A restaurant critic in the US has lost her job after it was found that she had plagiarised work from the famous critic Jonathan Gold.
Elliott Shaffner was fired from her freelance role at the Richmond Times-Dispatch after it was shown that many of her weekly dining reviews were in fact lifted from the LA Weekly restaurant review section.
Shaffner’s reviews have since been removed from the company’s website, but Eater have managed to grab a screen shot of an archived extract which looks very similar to a 2009 paragraph from Jonathan Gold.
The paper said:
It was brought to our attention that a number of sections of this week’s dining review appear to have been copied from a 2011 'L.A. Weekly' restaurant review. After further research, we discovered that other 'Times-Dispatch' restaurant reviews by freelance writer Elliott Shaffner, our dining critic since the start of 2016, contain material that apparently was not original.

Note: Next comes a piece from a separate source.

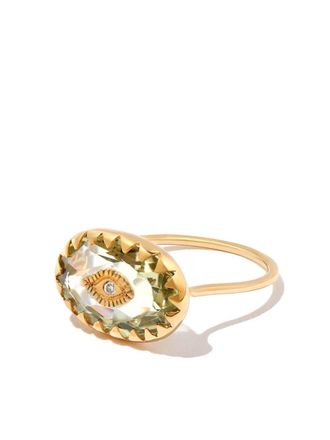 Pascale Monvoisin Anello Amy in oro giallo 9kt con diamante e ametista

Before taking the job as critic at Richmond Times-Dispatch she filed a number of reviews for Style Weekly – they say they have removed nine reviews posted by Shaffner posting examples of the plagiarism. It seems pretty blatant.
STYLE REVIEW: But at this outpost of the Boathouse, the essential dish is the lobster roll ($29). We are talking about one entire lobster broken down into big chunks of chilled meat tossed with mayonnaise, lemon and tarragon, stuffed into a butter–toasted roll and sprinkled with minced chives. Is the mayonnaise Duke’s? Are they made with top-loading Pepperidge Farm hot dog buns? Get over it.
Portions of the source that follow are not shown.